急ぎの対応は不要であるが、対応してほしい要望レベルということもあるかと思います。

 

単にイライラを晴らすためのクレーム、ということもあるでしょう。

 

このように、緊急の度合いや置かれた状況はユーザーによって様々であり、問い合わせを受けた側は、臨機応変な対応が求められます。

 

怒りの原因

問い合わせ時に、怒りや不安・不満、焦りを覚えているユーザーは多いと思います。

 

〇〇ができない、〇〇に困っているというように、目的を達成できずにいることが怒りや焦りにつながっていると思います。

 

例えば以下のような場合にイライラしてしまいますね。

 

家のお湯が出ないときのイライラ

すぐにお風呂に入りたいのに入れない

時間が無駄になる

自分が何かしたわけではないのに

高いガス料金を払っているのに

 

家の冷蔵庫が冷えないときのイライラ

食材が傷んでしまう

食材の保管場所がない

自分が何かしたわけではないのに

 

解消するには?

怒りについては、「6秒ルール」というものがあり、怒りの感情はピークとなる6秒を過ぎると鎮まると言われています。

 

電話口でも6秒はあっという間ですよね。
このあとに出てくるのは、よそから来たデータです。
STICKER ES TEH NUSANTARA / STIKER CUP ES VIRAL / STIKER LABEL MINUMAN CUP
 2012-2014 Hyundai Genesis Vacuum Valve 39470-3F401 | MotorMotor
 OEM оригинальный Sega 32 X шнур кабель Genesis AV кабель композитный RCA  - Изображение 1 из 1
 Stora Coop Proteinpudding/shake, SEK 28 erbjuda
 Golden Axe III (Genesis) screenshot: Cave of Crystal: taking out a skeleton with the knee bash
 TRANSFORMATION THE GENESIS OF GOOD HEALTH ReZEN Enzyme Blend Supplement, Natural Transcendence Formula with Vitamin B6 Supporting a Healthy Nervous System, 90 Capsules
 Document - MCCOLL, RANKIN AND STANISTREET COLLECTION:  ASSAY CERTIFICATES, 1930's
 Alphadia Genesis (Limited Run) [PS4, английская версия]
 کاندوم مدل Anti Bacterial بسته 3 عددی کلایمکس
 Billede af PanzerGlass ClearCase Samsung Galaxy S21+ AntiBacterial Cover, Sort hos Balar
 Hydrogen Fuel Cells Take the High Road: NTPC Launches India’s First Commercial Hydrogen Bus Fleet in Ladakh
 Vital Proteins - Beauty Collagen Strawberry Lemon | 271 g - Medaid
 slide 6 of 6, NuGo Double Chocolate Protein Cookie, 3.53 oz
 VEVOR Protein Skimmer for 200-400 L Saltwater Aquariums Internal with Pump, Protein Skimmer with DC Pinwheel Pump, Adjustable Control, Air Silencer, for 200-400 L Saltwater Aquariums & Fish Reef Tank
意識してみると良いかもしれません。

 

まずは、怒りの理由を相手から聞くことが重要です。

 

原因が分からず、解決しない場合、更に怒りは増していきますので、部門横断的に連携をとって解決の道筋を示すことが重要です。

 

態度や話し方によっても相手のとらえ方は変わります。

 

へりくだった態度は相手の怒りを鎮めるでしょう。

 

更には、迅速な対応で相手を待たせる時間を少なくすることも重要です。

 

折り返しの連絡に時間がかかってしまうと、イライラも増しますよね。

 

まとめ

ユーザーは何かに困って問い合わせをしてくることが多く、その際に怒りや焦りの感情を持っています。

 

対応次第では更に怒りが増してしまうこともありますので、ケーススタディやFAQが充実していると迅速な対応が可能です。

 

いかにしてユーザーの問題を解決するか、開発者側もユーザー視点を忘れずに日々考えていきたいものです。